Exercise objective: Your output is the line containing "2 bedroom unit" plus all lines after it to the end of the records, reproduced exactly, with nothing else.

Provided entries:

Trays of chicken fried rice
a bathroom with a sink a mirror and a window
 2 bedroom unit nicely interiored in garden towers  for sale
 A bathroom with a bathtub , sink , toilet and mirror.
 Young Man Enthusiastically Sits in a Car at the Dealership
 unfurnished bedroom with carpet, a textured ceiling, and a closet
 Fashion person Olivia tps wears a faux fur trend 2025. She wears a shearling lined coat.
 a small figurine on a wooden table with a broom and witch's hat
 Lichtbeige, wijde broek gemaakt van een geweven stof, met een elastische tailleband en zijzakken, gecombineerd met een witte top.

Answer box:
 2 bedroom unit nicely interiored in garden towers  for sale
 A bathroom with a bathtub , sink , toilet and mirror.
 Young Man Enthusiastically Sits in a Car at the Dealership
 unfurnished bedroom with carpet, a textured ceiling, and a closet
 Fashion person Olivia tps wears a faux fur trend 2025. She wears a shearling lined coat.
 a small figurine on a wooden table with a broom and witch's hat
 Lichtbeige, wijde broek gemaakt van een geweven stof, met een elastische tailleband en zijzakken, gecombineerd met een witte top.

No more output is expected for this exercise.